- _What the task asks_
The whole listing that follows is to be restated word for word, images excluded.

- _Data section_
◆ ◆ ◆ ◆ ◆ ◆ ◆

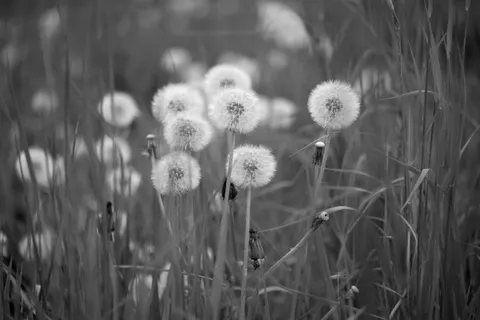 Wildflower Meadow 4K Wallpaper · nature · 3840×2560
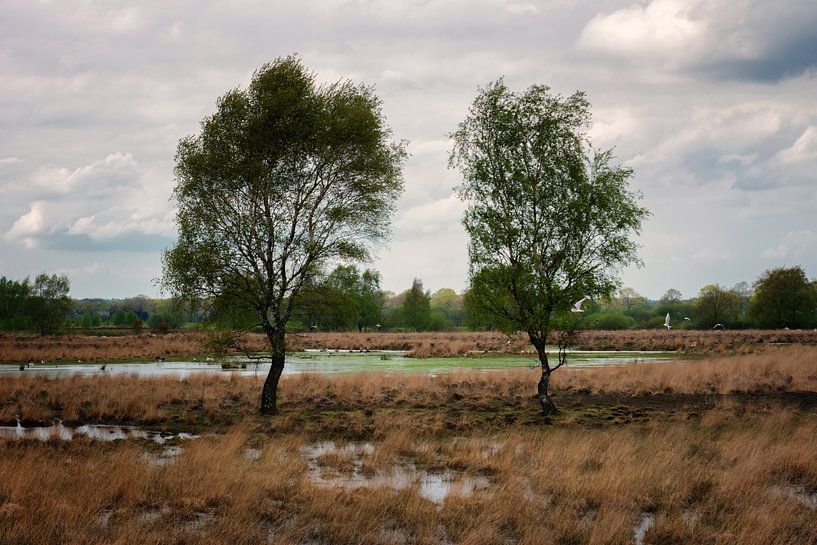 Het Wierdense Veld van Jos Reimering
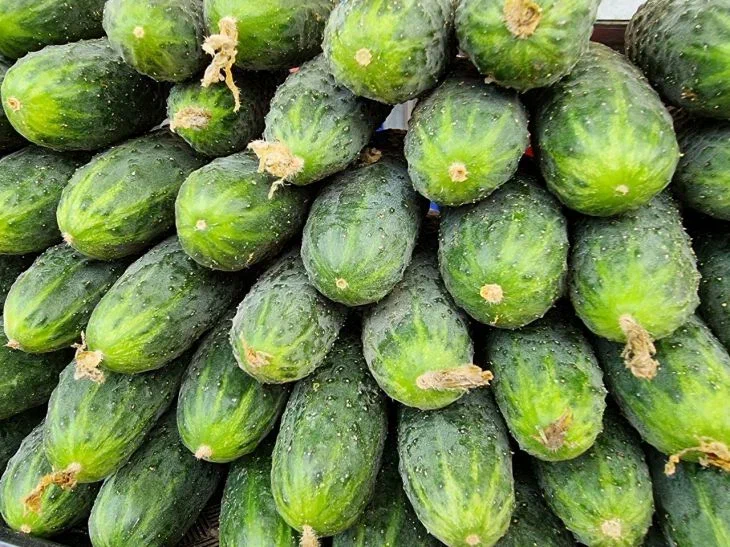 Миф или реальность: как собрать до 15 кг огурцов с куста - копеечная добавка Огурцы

◆ ◆ ◆ ◆ ◆ ◆ ◆

- _Expected answer_
 Wildflower Meadow 4K Wallpaper · nature · 3840×2560
 Het Wierdense Veld van Jos Reimering
 Миф или реальность: как собрать до 15 кг огурцов с куста - копеечная добавка Огурцы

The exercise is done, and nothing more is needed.